Information supplied →
☆ ☆ ☆ ☆ ☆

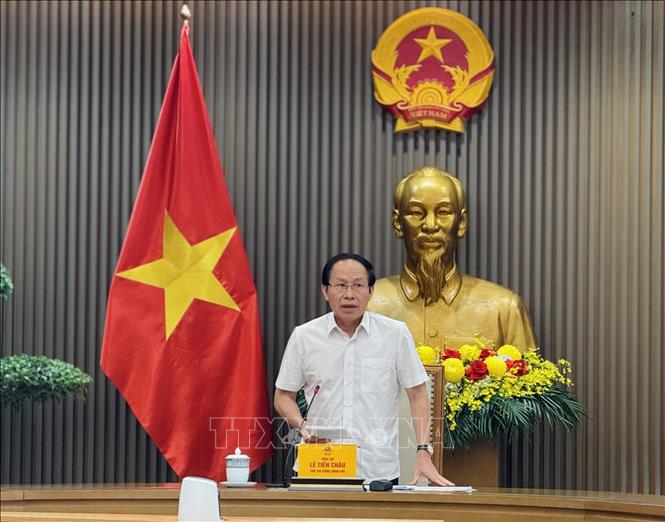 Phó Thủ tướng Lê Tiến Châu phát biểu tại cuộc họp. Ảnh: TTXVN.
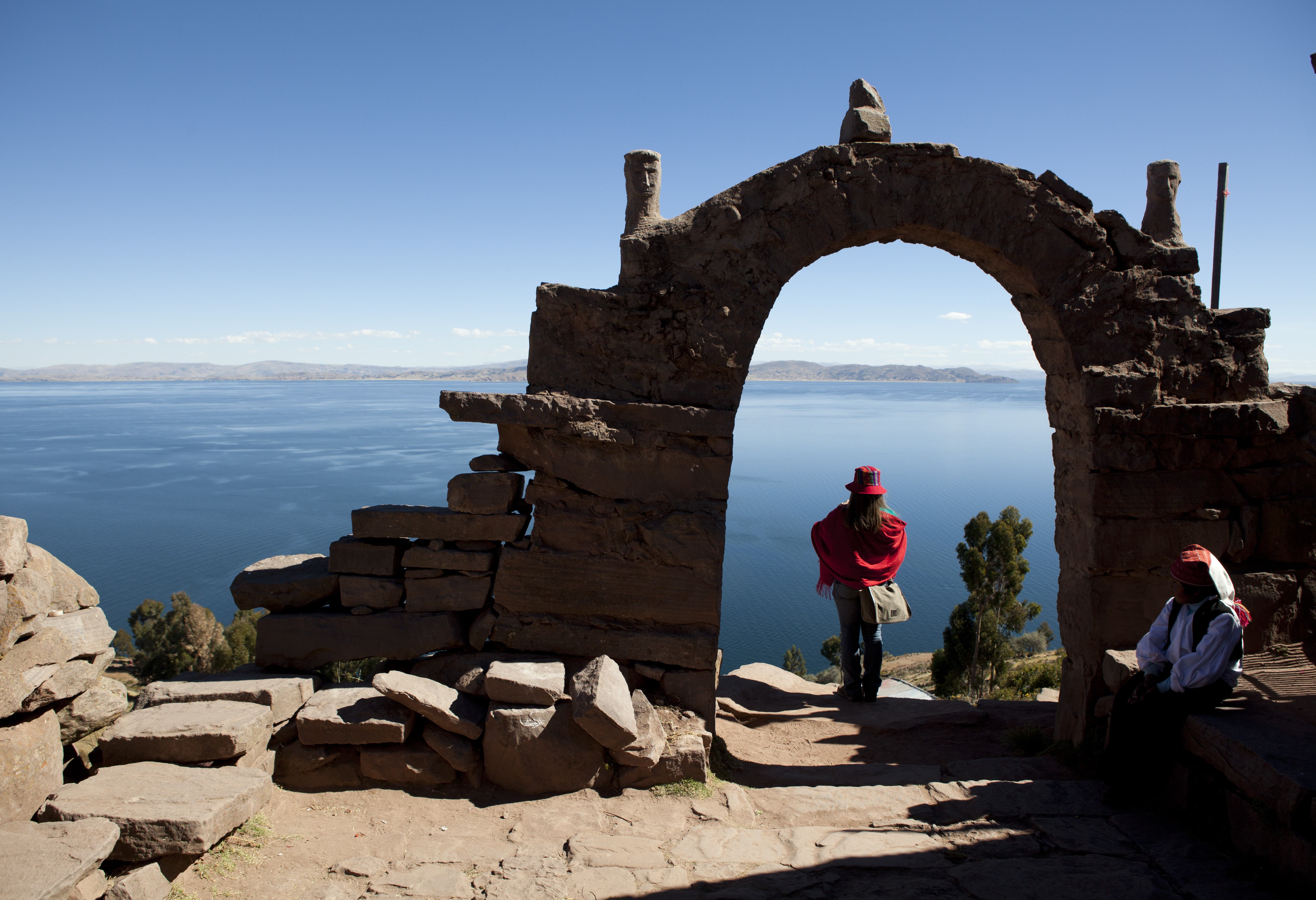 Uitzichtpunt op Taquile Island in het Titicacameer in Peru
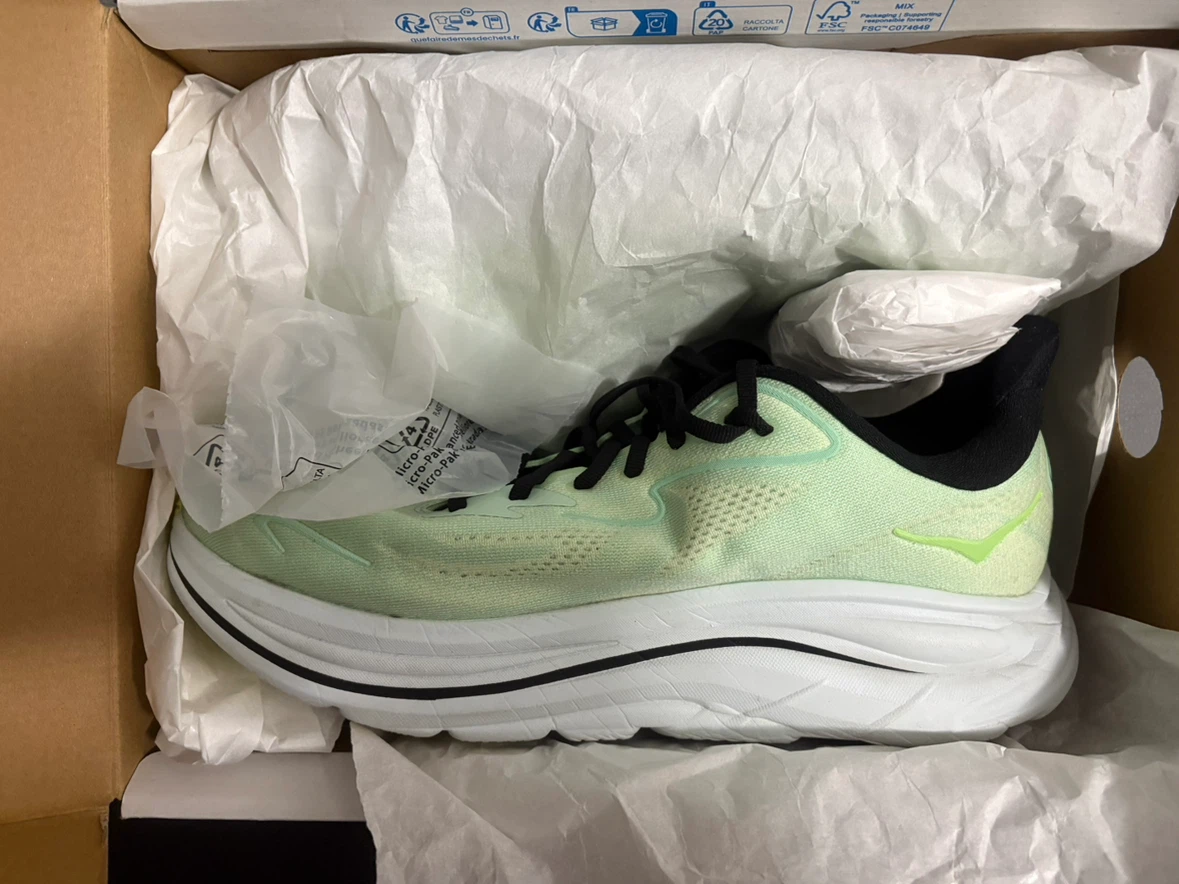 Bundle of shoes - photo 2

☆ ☆ ☆ ☆ ☆

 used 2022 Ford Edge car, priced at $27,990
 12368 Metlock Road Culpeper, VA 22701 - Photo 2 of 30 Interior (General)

☆ ☆ ☆ ☆ ☆

Exercise → Each line from the one that contains "Phó Thủ tướng" down to the one that contains "Bundle of shoes - photo 2" is to be returned exactly as it stands above, both ends included, with pictures removed.

Completed exercise →
 Phó Thủ tướng Lê Tiến Châu phát biểu tại cuộc họp. Ảnh: TTXVN.
 Uitzichtpunt op Taquile Island in het Titicacameer in Peru
 Bundle of shoes - photo 2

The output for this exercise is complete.